Your answer must be an exact copy of the lines from the one containing "2000LM Ultra Bright" through the last line of the records below, with no pictures; please include nothing else.

-----

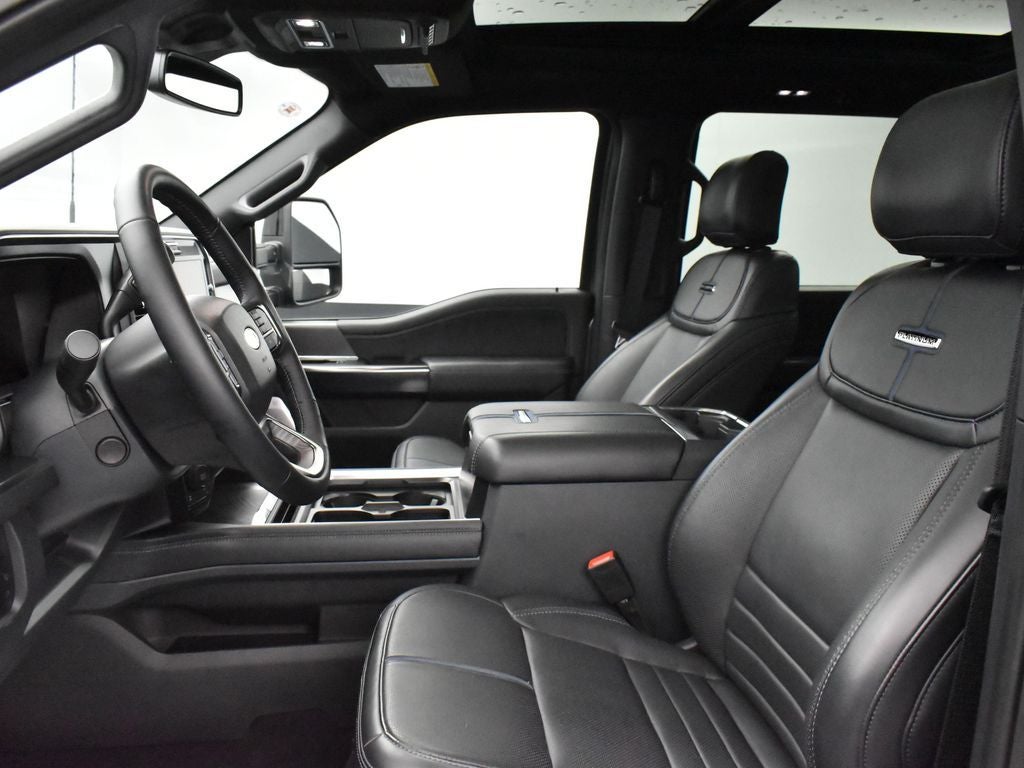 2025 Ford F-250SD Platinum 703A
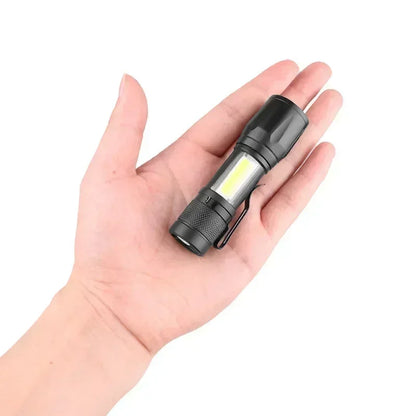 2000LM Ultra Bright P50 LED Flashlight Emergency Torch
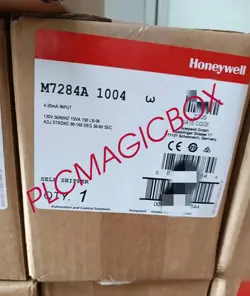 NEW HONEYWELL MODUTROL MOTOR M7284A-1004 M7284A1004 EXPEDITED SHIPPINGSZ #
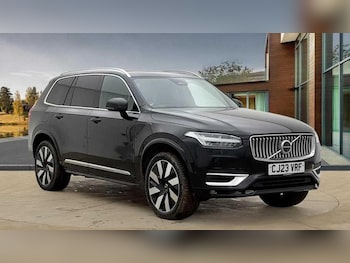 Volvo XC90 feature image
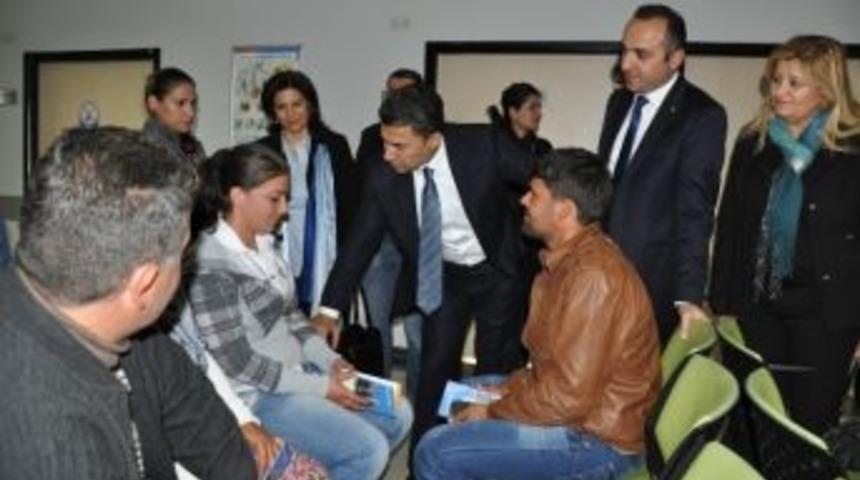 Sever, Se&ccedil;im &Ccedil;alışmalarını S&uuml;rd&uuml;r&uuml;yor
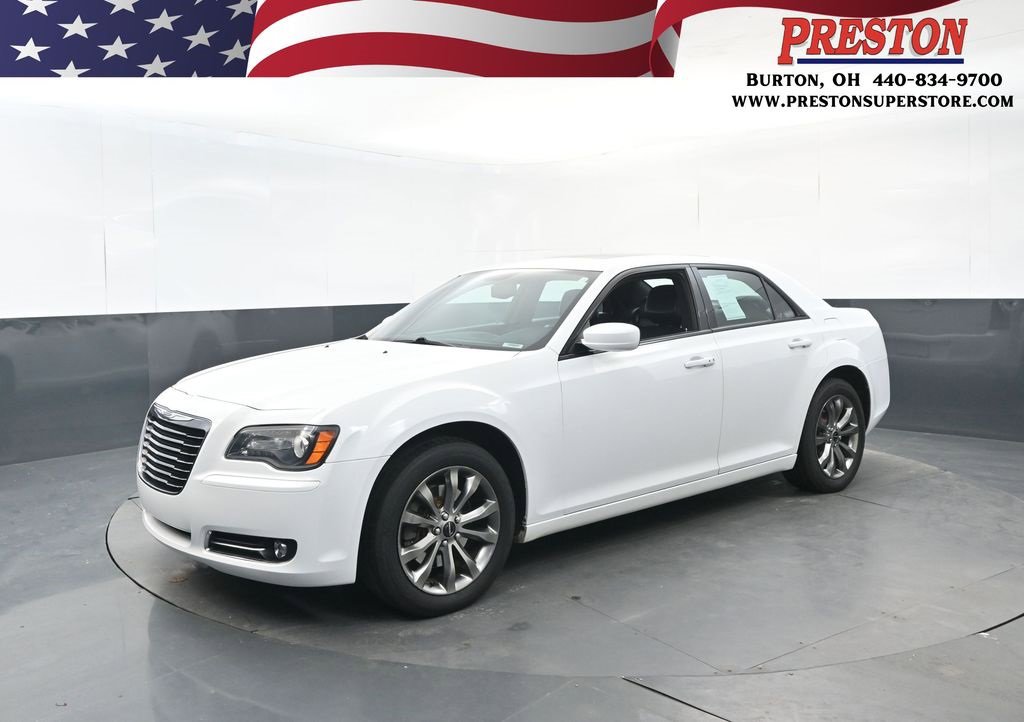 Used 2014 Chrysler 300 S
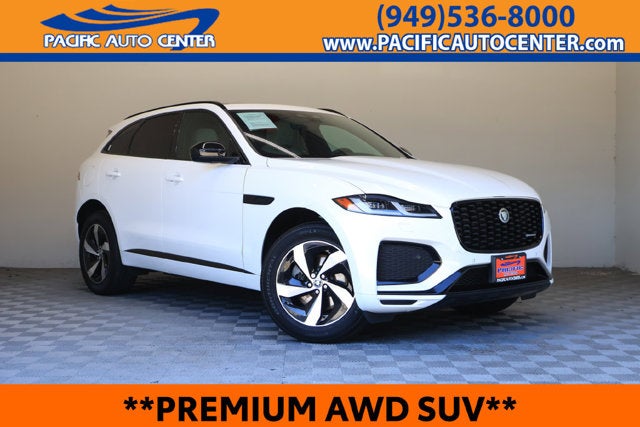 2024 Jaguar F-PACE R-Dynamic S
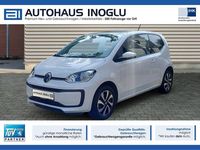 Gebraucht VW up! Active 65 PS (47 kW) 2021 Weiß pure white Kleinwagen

-----

* Result of this task *
 2000LM Ultra Bright P50 LED Flashlight Emergency Torch
 NEW HONEYWELL MODUTROL MOTOR M7284A-1004 M7284A1004 EXPEDITED SHIPPINGSZ #
 Volvo XC90 feature image
 Sever, Se&ccedil;im &Ccedil;alışmalarını S&uuml;rd&uuml;r&uuml;yor
 Used 2014 Chrysler 300 S
 2024 Jaguar F-PACE R-Dynamic S
 Gebraucht VW up! Active 65 PS (47 kW) 2021 Weiß pure white Kleinwagen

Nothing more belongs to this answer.